Here's the cmd I have for now which detect the first ((( but then stop...

sed -e "/(((/,/)))/d" file.txt
  • Do you want to keep the ((( and ))) in the text? Commented Mar 10, 2015 at 14:53
  • How complex can this get? Can there be nested parentheses? Things like ((( foo ((( bar))) baz)))? How would you like those to be dealt with? How about ((( foo \n bar (((baz))) )))?
    – terdon
    Commented Mar 10, 2015 at 15:04
  • No actualy I need to remove what' inside those. And if there's line break it need to be aware of that too.
    – Warface
    Commented Mar 10, 2015 at 15:05
  • @terdon No there's no nested ((( ))). But it have line breaks so it should be able to search on other lines to find the closing parentheses.
    – Warface
    Commented Mar 10, 2015 at 15:14

3 Answers 3

sed -e :p -e '/(((/!b     
'   -e :n -e 's/)))/\     
/;            s/(((.*\n//; tp
$d;N;         s//(((/;     tn'

This should do it. It will branch away (and consequently autoprint) any lines not matching ((( but once one is found it attempts to remove everything between the first occurring ((( sequence and the first occurring ))). If it cannot because the trailing ))) is not found on the current line then it pulls in the Next line, removes everything between the ((( and the head of the next line, and searches again. If it makes it to the end of the $last line while still searching for ))) it gives up. In this way it never buffers more than a line at a time because it removes all that follows ((( each time it has to pull in a newline.

It should handle as many ((( ))) pairs as might occur on a line - and it does not matter if any ( or ) occur between the two ends - it will seek past 2 or fewer ) and any number of (.

After finding ))) it resets to a search for ((( and so it doesn't fail to handle the next pair even after crossing new-line boundaries.

  1. :p - declare the p branch label. The script branches here if it can replace a ))) sequence with a newline then subsequently remove everything between ((( and \n.
  2. /(((/!b - branch away - and autoprint pattern space - if there are no remaining ((( sequences in pattern space.
  3. :n - declare the branch :label n. The script branches here if a ((( is found but a ))) cannot be found on the same line.
  4. s/)))/\n/ - substitute first occurrence of ))) for a newline.
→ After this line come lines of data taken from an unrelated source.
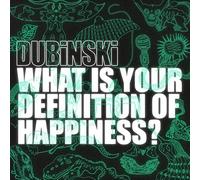Dubinski - What Is Your Definition Of Happiness?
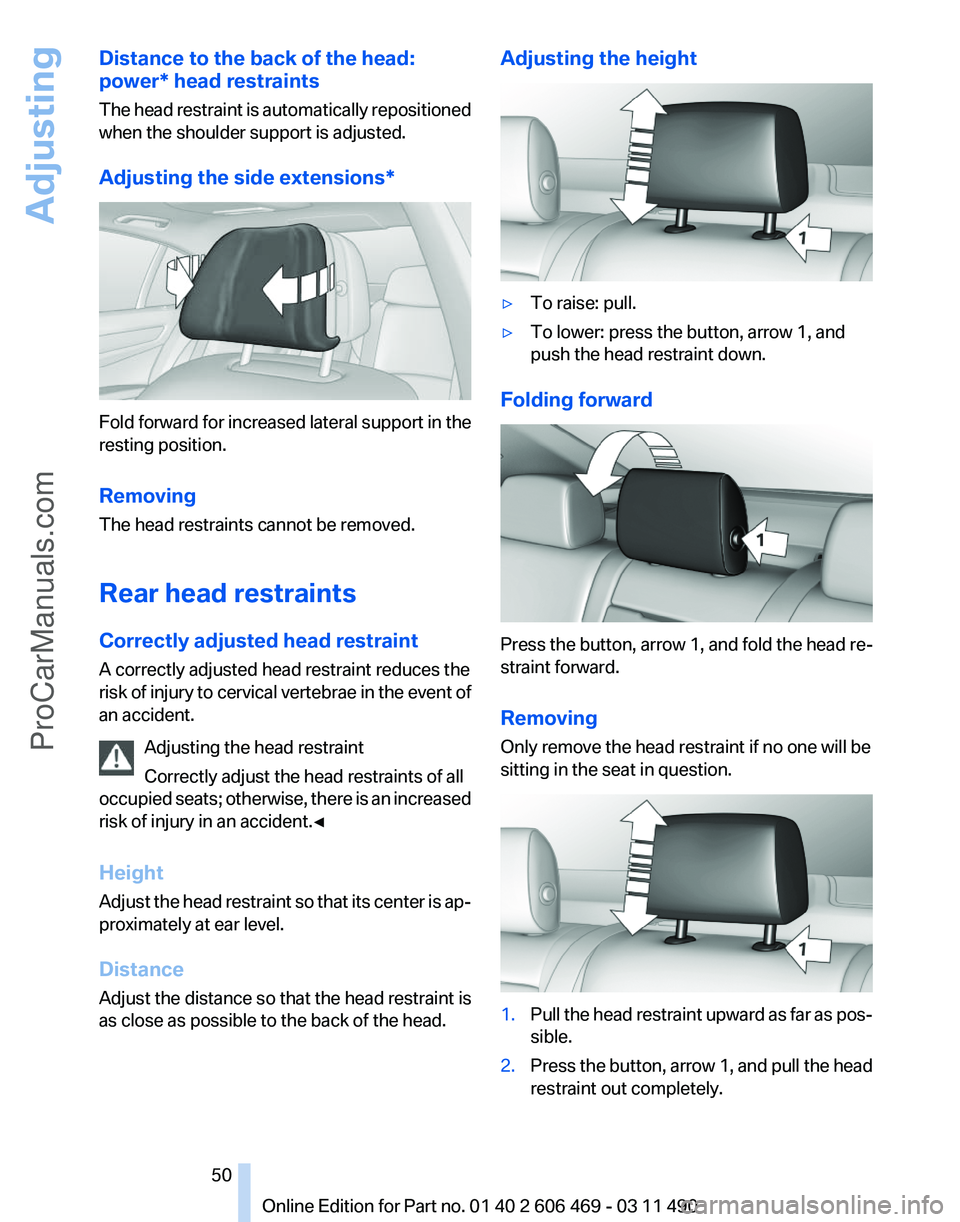 BMW 5 SERIES 2011 Service Manual Distance to the back of the head:
power* head restraints
The
head restraint is automatically repositioned
when the shoulder support is adjusted.
Adjusting the side extensions* Fold forward for increa BMW 5 SERIES 2011 Service Manual Distance to the back of the head:
power* head restraints
The
head restraint is automatically repositioned
when the shoulder support is adjusted.
Adjusting the side extensions* Fold forward for increa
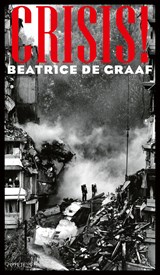 Crisis! - Beatrice de Graaf - 9789044652468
This only happens if a ((( has already been matched.
  5. s/(((.*\n// - substitute away everything between first ((( and the only \newline in pattern space.
  6. tp - test for a successful substitution; if true, branch to label :p.
  7. $d;N - the last substitution was not successful; if current line is the $last delete it, else append the Next to pattern space.
  8. s//(((/;tn - repeat last regexp and substitute all between first occurring ((( and the newline just added for ((( then branch to label :n.

Doing this for single line strings is very simple:

sed 's/((([^)]*)))//g' file

If you need it to deal with multiline strings, it gets more complex. One approach would be to use tr to replace all newlines with the null character (\0), make the substitution and translate back again:

tr '\n' '\0' < file | sed 's/((([^)]*)))//g' | tr '\0' '\n'

Alternatively, you could just use perl:

perl -0pe 's/\(\(\([^)]+\)\)\)//g;' file

The -0 causes perl to read the entire file into memory (this might be a problem for huge files), the -p means "print each line" but because of the -0, the "line" is actually the entire file. The s/// is the same idea as for sed.

  • I think I don't have a choice to use the perl command since sed seems to only works with lines. Thanks
    – Warface
    Commented Mar 10, 2015 at 15:26
  • @Warface not sure what you mean. Sed can actually deal with multiline operations, it's just difficult.
    – terdon
    Commented Mar 10, 2015 at 15:47


sed 's/((([^)]*)))//' file

or probably even better in your sentence

sed 's/ ((([^)]*)))//' file
  • Oh damn it only works if there's only 1 word inside the delimiter what about paragraph?
    – Warface
    Commented Mar 10, 2015 at 14:55
  • If the string/paragraph have line breaks in it seems that it doesn't work.